[Records to use]:
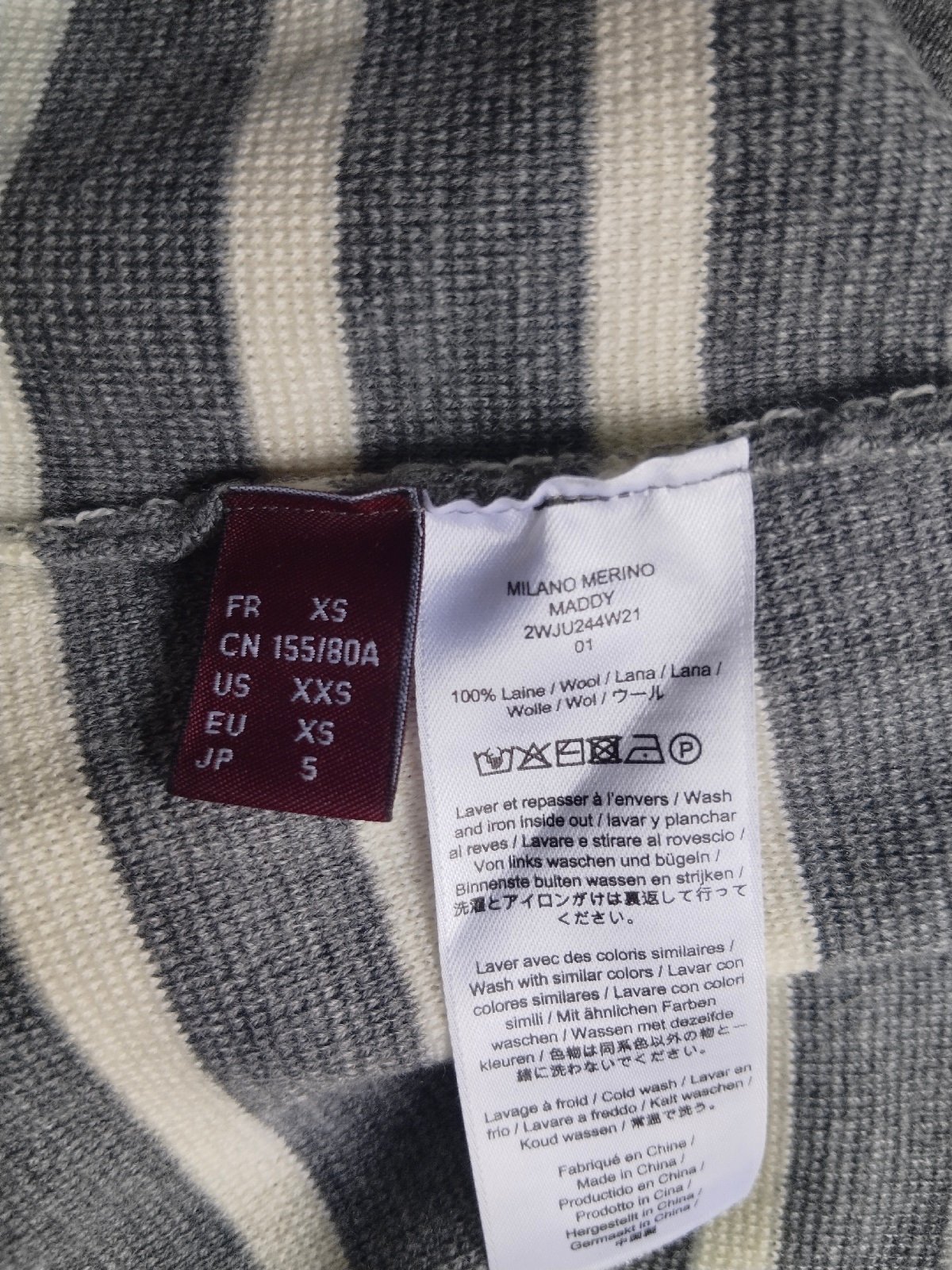 Pull marin laine comptoir des cotonniers XS neuf maddy rayure gris blanc NEUF – Image 2
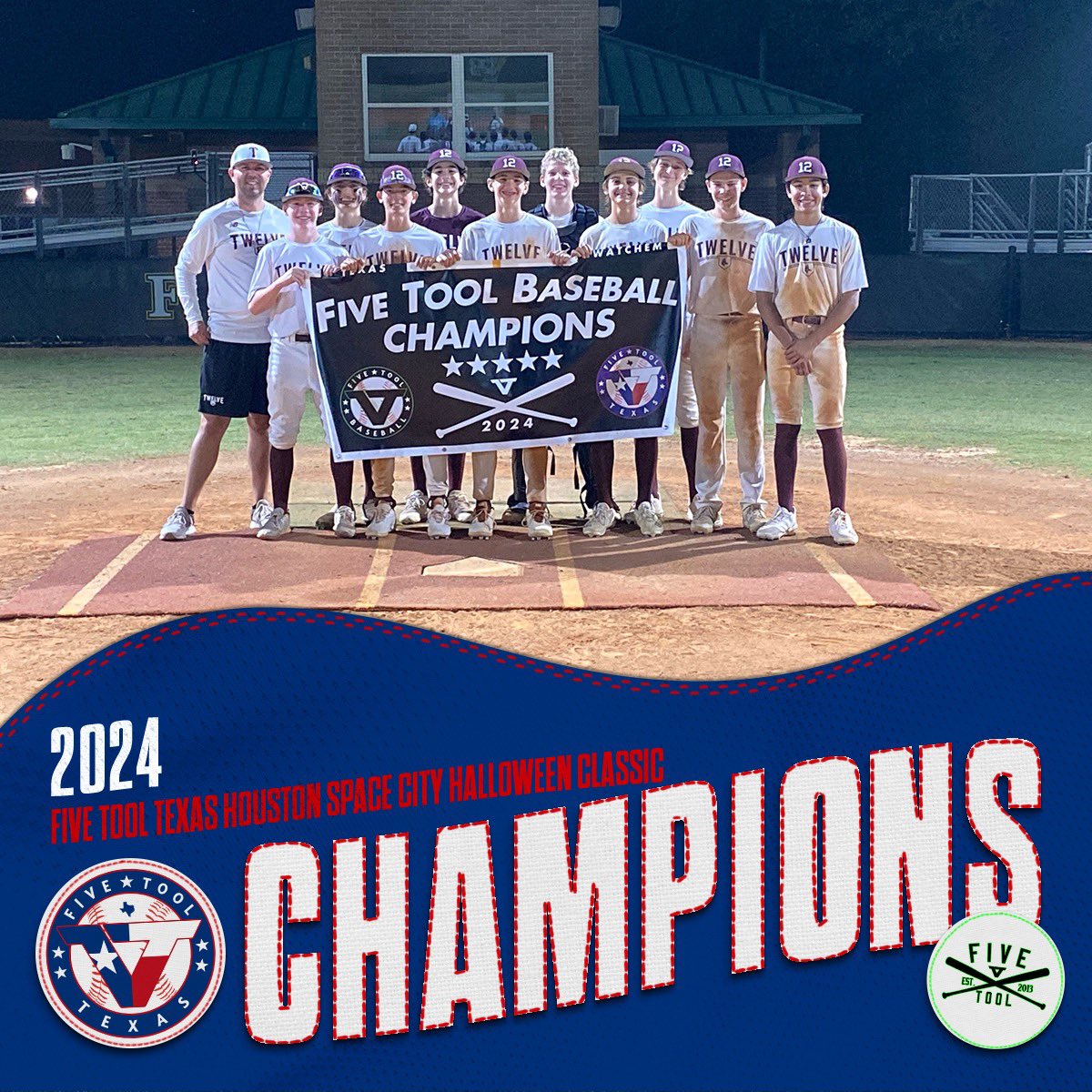 FiveToolTexas's tweet photo. 🏆CHAMPIONS🏆

Congrats to @TwelveRecruits Vikings 2028 on winning the 15U American Championship of the @FiveTool Texas Houston Space City Halloween Classic!

#WatchEm https://t.co/MRepGbDu03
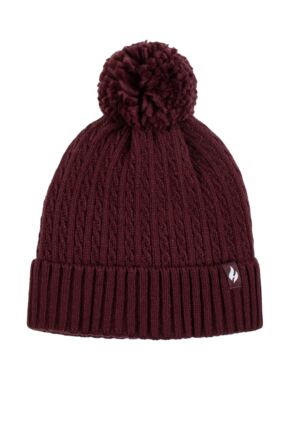 Women's 1 Pack Heat Holders Ellery Cable Turnover Cuff Pom Pom Hat Wine One Size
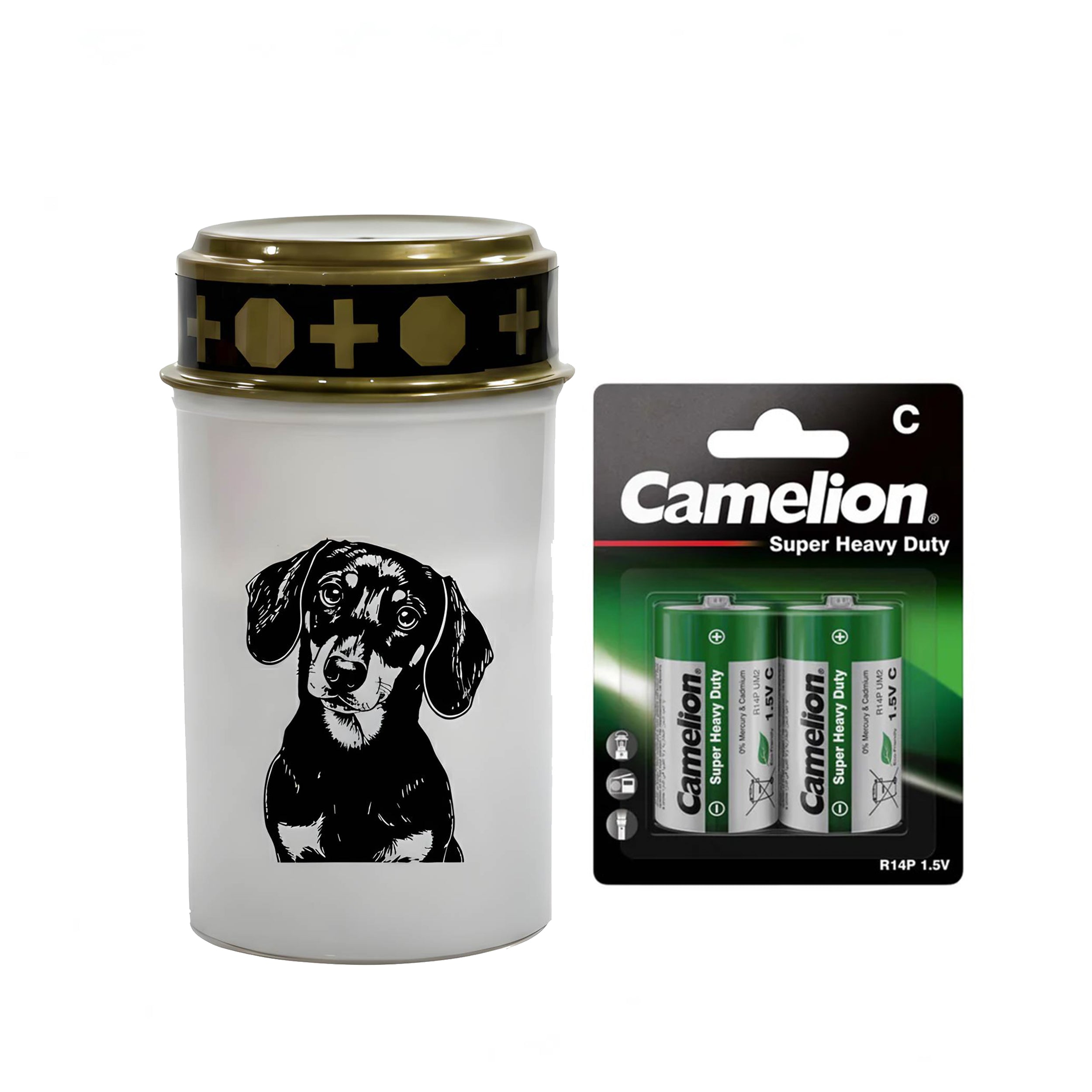 LED Grablicht Hund Grablicht LED mit 2 LR14 Batterien Grabschmuck Hund in Rot oder Weiß, verschiedene Motive zur Auswahl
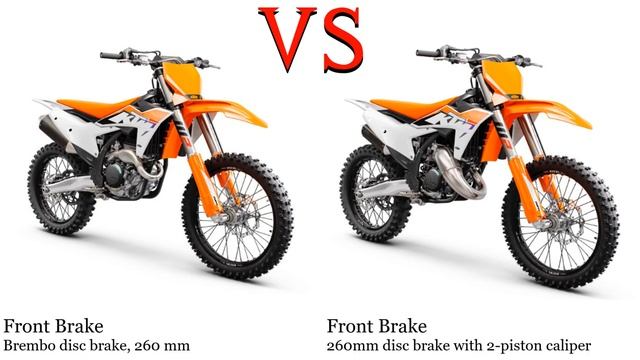 KTM 350 SX F Vs KTM SX 525 Test Specification Comparison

[To do]: All entries above must be repeated exactly; pictures are to be left out.

[The answer]:
 Pull marin laine comptoir des cotonniers XS neuf maddy rayure gris blanc NEUF – Image 2
 FiveToolTexas's tweet photo. 🏆CHAMPIONS🏆

Congrats to @TwelveRecruits Vikings 2028 on winning the 15U American Championship of the @FiveTool Texas Houston Space City Halloween Classic!

#WatchEm https://t.co/MRepGbDu03
 Women's 1 Pack Heat Holders Ellery Cable Turnover Cuff Pom Pom Hat Wine One Size
 LED Grablicht Hund Grablicht LED mit 2 LR14 Batterien Grabschmuck Hund in Rot oder Weiß, verschiedene Motive zur Auswahl
 KTM 350 SX F Vs KTM SX 525 Test Specification Comparison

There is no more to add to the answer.